The Amazing Truth About Queen Raquela - Directed by Olaf de Fleur Johannesson.
This mildly engaging docudrama follows the experiences of Raquela (Raquela Rios), a transsexual “ladyboy” who fulfills her dreams of escaping the lifestyle of prostitution in the Philippines by becoming an internet porn star. Michael (Stefan Schaefer), a smarmy webmaster of an internet pornsite, takes her to Paris where their relationship gradually deteriorates. Did she really think that a guy working in the porn industry wouldn’t treat her like an object? She’s got a lot to learn about life, but at least she’s off the streets. Writer/director Olaf de Fleur Johannesson blends documentary and fictional reenactments with mixed results. The footage of Raquel’s interaction with other transsexual prostitutes feels tedious and unrevealing. Better interviews, or, in some cases, faux interviews, would have helped to add much-needed insight about their lives. The film does have a timely yet underdeveloped message, though, about the temptations and disappointments in the booming internet industry where true happiness is fleeting. Raquela learns a lot about herself throughout her endeavors once she leaves the Philippines. Most of all, she wants to settle down with a man who, unlike Michael, loves her for who she truly is. If only The Amazing Truth About Queen Raquela had explored her emotional journey more thoroughly, it would have been much more engrossing and insightful to watch. Number of times I checked my watch: 3. Released by Regent Releasing/Here! Films. Opens at the Quad Cinema.
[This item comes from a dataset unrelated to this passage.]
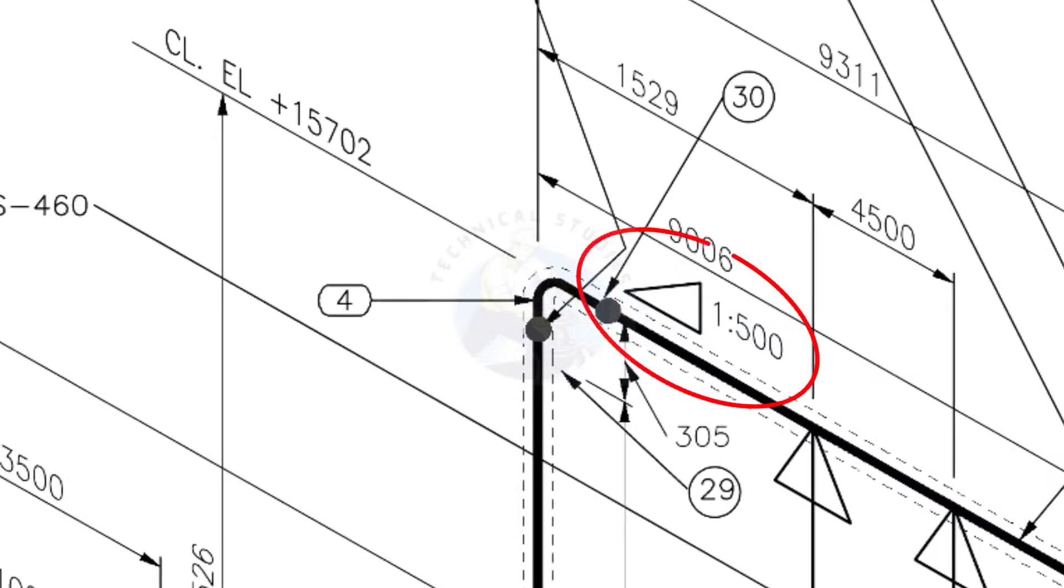See the pipe slope symbol. The slope ratio is 1 to 500. Means, for every meter length, the pipe is 2 millimeters lower than the other end.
Boogie Man: The Lee Atwater Story - Directed by Stefan Forbes.
This timely, well-edited documentary follows the life and career of Lee Atkins, who started out in College Republicans and ended up aggressively campaigning for the George Bush, Sr. presidency. He did everything from lying, manipulating, deceiving and instilling fear in the public as a way to get negative attention oponents. His skills at doing anything to win continued for a while, but when he eventually lost in the late eighties, it was a severe blow to his confidence—or rather, his arrogance. In his private life, though, he often played jazz music. Director Stefan Forbes includes some informative interviews with a variety of politicians and ex-politicians including Ed Rollins, whom Atwater had betrayed, and Michael Dukakis. Atwater had attacked Dukakis personally and did everything in his power to make him look weak. It would have been slightly more insightful had Forbes delved deeper into Atwater’s psyche besides mentioning how he was traumatized by the screams of brother, who died of hot oil burns. The film becomes quite fascinating when Forbes shows how Lee Atwater and Karl Rove remained close throughout their political careers while Atwater taught Rove. Therefore, it’s safe to say that Atwater’s tactics of aggressive, deceptive, negative campaigning still live on today while the American public, sadly, remains somewhat gullible. Ultimately, Boogie Man: The Lee Atwater Story manages to be a provocative, compelling and eye-opening documentary. Number of times I checked my watch: 1. Released by InterPositive Media. Opens at the Cinema Village.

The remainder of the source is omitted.